Köln, den 10. November 2021 - Nach einem bereits erfolgreichen ersten
Halbjahr 2021 blieb DEUTZ im dritten Quartal auf Wachstumskurs. Aufgrund
einer anhaltend hohen Nachfrage in allen wesentlichen Anwendungsbereichen
stieg der Auftragseingang um 56,5 % auf 485,2 Mio. Euro. Bei einem
Absatzanstieg um 49,1 % auf 51.732 verkaufte Motoren wuchs der Umsatz um
30,8 % auf 403,2 Mio. Euro. Das EBIT vor Sondereffekten verbesserte sich auf
14,1 Mio. Euro nach einem operativen Verlust im Vorjahresquartal von -15,7
Mio. Euro. Die Book-to-Bill-Ratio lag zum Ende des Neunmonatszeitraums bei
1,29.

"Wir bauen für unsere Kunden die effizientesten und saubersten Motoren.
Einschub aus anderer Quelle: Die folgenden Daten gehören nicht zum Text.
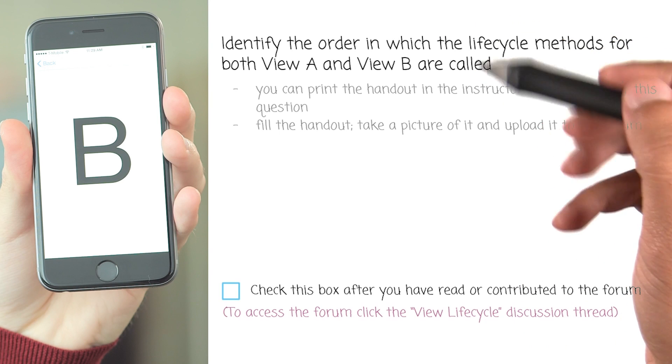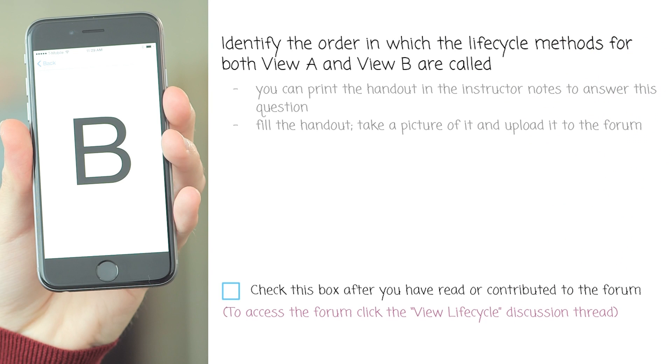Here is the question one more time. Submit your answers on the discussion forum and comment on each other's responses. Check this box when you are done.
Der
deutliche Anstieg des Auftragseingangs zeigt, dass wir mit unseren
innovativen Antriebstechnologien im Markt überzeugen. Für den Weg in eine
grüne Mobilität abseits der Straße setzen wir dabei verstärkt auf
Wasserstoff, Elektro und eFuels. Nur so können wir die Pariser Klimaziele
erreichen", sagt DEUTZ-CEO Dr. Frank Hiller.

Neben der positiven operativen Geschäftsentwicklung erzielte DEUTZ auch
weitere strategische Erfolge. Im August hatte das Unternehmen seinen ersten
marktreifen Wasserstoffmotor vorgestellt. Die Serienproduktion für den TCG
7.8 H2 plant DEUTZ für 2024. Bereits Anfang kommenden Jahres startet das
erste Pilotprojekt: Für den Energiedienstleister RheinEnergie wird der TCG
7.8 H2 dann in Kombination mit einem Generator Strom erzeugen. "Was wir hier
im kleineren Maßstab umsetzen, liefert Erkenntnisse für eine dezentrale,
nachhaltige und treibhausgasfreie Energieversorgung in Ballungsgebieten", so
Hiller.

Zuvor hatte DEUTZ bereits einen Kooperationsvertrag mit dem Deutschen
Zentrum für Luft- und Raumfahrt (DLR) abgeschlossen. Gegenstand dessen ist
ein Gemeinschaftsprojekt mit Fokus auf die "Grüne Baustelle". Dabei sollen
Lösungsansätze erarbeitet werden, um Baustellenfahrzeuge und Landmaschinen
mit Wasserstoff betreiben zu können. Auch die Motoren der Abgasstufe EU V
macht DEUTZ nachhaltiger: Seit Ende August hat das Unternehmen sein gesamtes
TCD-Motorenprogramm für den Einsatz von paraffinischen Dieselkraftstoffen
freigegeben.

Prozentual zweistellige Zuwächse bei Auftragseingang, Absatz und Umsatz
DEUTZ verbuchte in den ersten neun Monaten 2021 einen Anstieg des
Auftragseingangs gegenüber dem coronabelasteten Vorjahreszeitraum von 62,2 %
auf 1.514,0 Mio. Euro. Diese positive Entwicklung ist auf eine kundenseitig
anhaltend hohe Investitionsbereitschaft über alle Anwendungsbereiche und
Regionen hinweg zurückzuführen. Zudem haben außerordentliche Vorzieheffekte
in Höhe von über 100 Mio. Euro im Juni und September zum überproportionalen
Anstieg beigetragen. Ursächlich dafür waren insbesondere vorgezogene
Kundenbestellungen als Reaktion auf verlängerte Bestellfristen, die sich
infolge weltweiter Material- und Logistikengpässe ergeben, sowie
Preisanpassungen.

Der Auftragsbestand summierte sich zum 30. September 2021 auf insgesamt
616,4 Mio. Euro und legte damit im Vorjahresvergleich um 146,2 % zu.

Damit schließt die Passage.